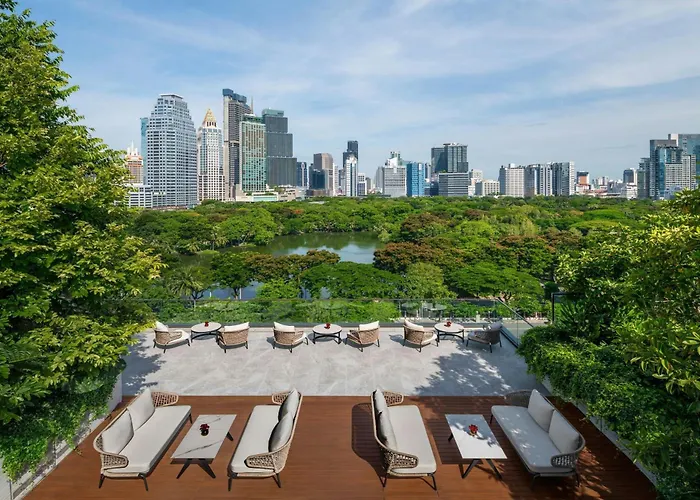 The Ritz-Carlton, Bangkok Hotell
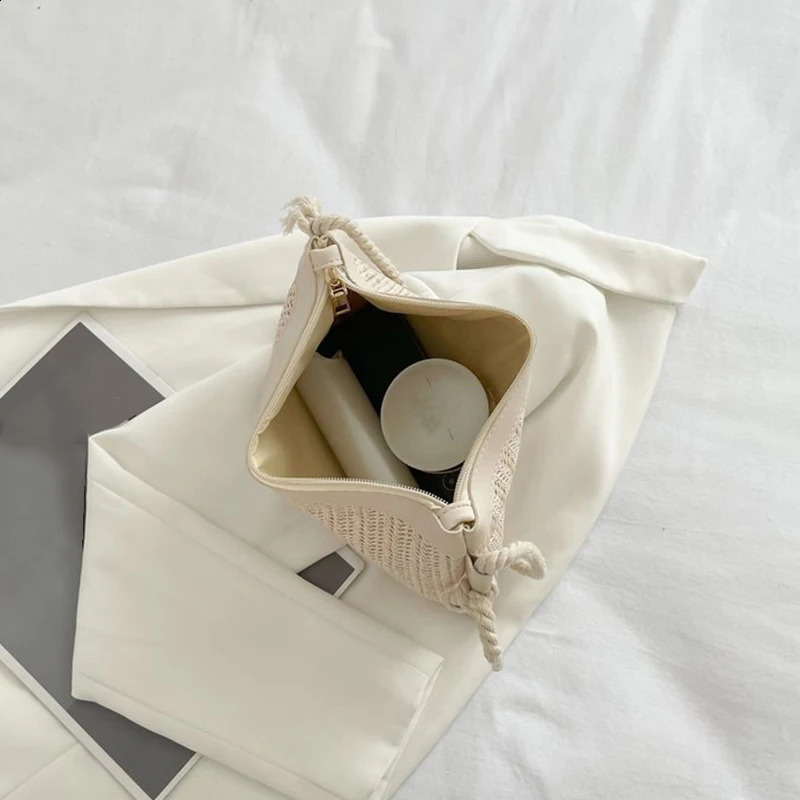 Fashion Woven Straw Bag Handmade Rattan Crossbody Handbags Knit Summer Beach Small Purse Women Shoulder Messenger Bags 240814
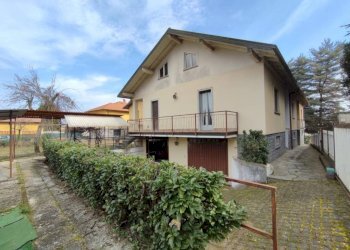 IMG_20230301_115652.jpg - Villa via generale chinotto, Arona - foto 1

#####

> **Task**: For this exercise, transcribe the data exactly but without its pictures.

> **Answer for the task**:
 The Ritz-Carlton, Bangkok Hotell
 Fashion Woven Straw Bag Handmade Rattan Crossbody Handbags Knit Summer Beach Small Purse Women Shoulder Messenger Bags 240814
 IMG_20230301_115652.jpg - Villa via generale chinotto, Arona - foto 1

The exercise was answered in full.